I am extracting a substring from an Excel cell and the entire string says this:
The bolts are 5" long each and 3" apart
I want to extract the length of the bolt which is 5"
. And I use the following code to get that
df['Bolt_Length'] = df['Description'].str.extract(r'(\s[0-9]")',expand=False)
But if the string says the following:
The bolts are 10" long each and 3" apart
and I try to use to the following code:
df['Bolt_Length'] = df['Description'].str.extract(r'(\s(\d{1,2})")',expand=False)
I get the following error message:
ValueError: Columns must be same length as key
I think Python doesn't know which number to acquire. The 10"
or 3"
How can I fix this? How do I tell Python to only go for the first "
?
On another note what if I want to get both the bolt length and distance from another bolt? How do I extract the two at the same time?
CodePudding user response:
Your problem is that you have two capture groups in your second regular expression (\s(\d{1,2})")

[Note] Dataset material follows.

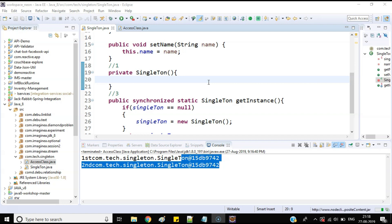There is another approach called double-checking lock, which increases performance a little bit. In that approach you also use synchronized, but you check for null two times — that's why it is called double-checking. It will improve performance compared to the synchronized method approach. If you are using a multi-threaded application and want thread safety, I suggest using the double-checking lock approach. I'll provide that code in my GitHub repository and share the link in the description. Hope your concept has been cleared — if you have any doubts, let me know in the comments. Thanks for watching, see you in my next tutorial!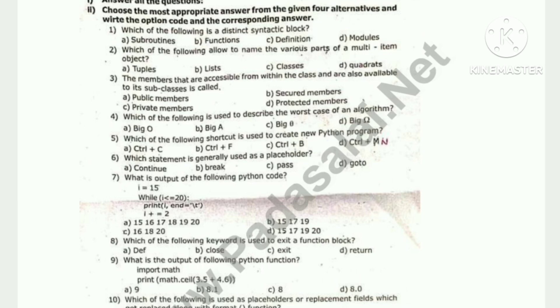English medium, question paper PDF, important questions PDF, quarterly, halfway, public exam and legal questions PDF are available. Please join us in the video.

, not one. So basically, you're telling Python to get the number with the "
, and the same number without the "
:
>>> df['Description'].str.extract(r'(\s(\d{1,2})")', expand=False)
0 1
0 5" 5
1 10" 10
You can add ?:
right after the opening parenthesis of a group to make it so that it does not capture anything, though it still functions as a group. The following makes it so that the inner group, which excludes the "
, does not capture:
# notice vv
>>> df['Description'].str.extract(r'(\s(?:\d{1,2})")', expand=False)
0 5"
1 10"
Name: Description, dtype: object
CodePudding user response:
The error occurs because your regex contains two capturing groups, that extract two column values, BUT you assign those to a single column, df['Bolt_Length']
.
You need to use as many capturing groups in the regex pattern as there are columns you assign the values to:
df['Bolt_Length'] = df['Description'].str.extract(r'\s(\d{1,2})"',expand=False)
The \s(\d{1,2})"
regex only contains one pair of unescaped parentheses that form a capturing group, so this works fine since this single value is assigned to a single Bolt_Length
column.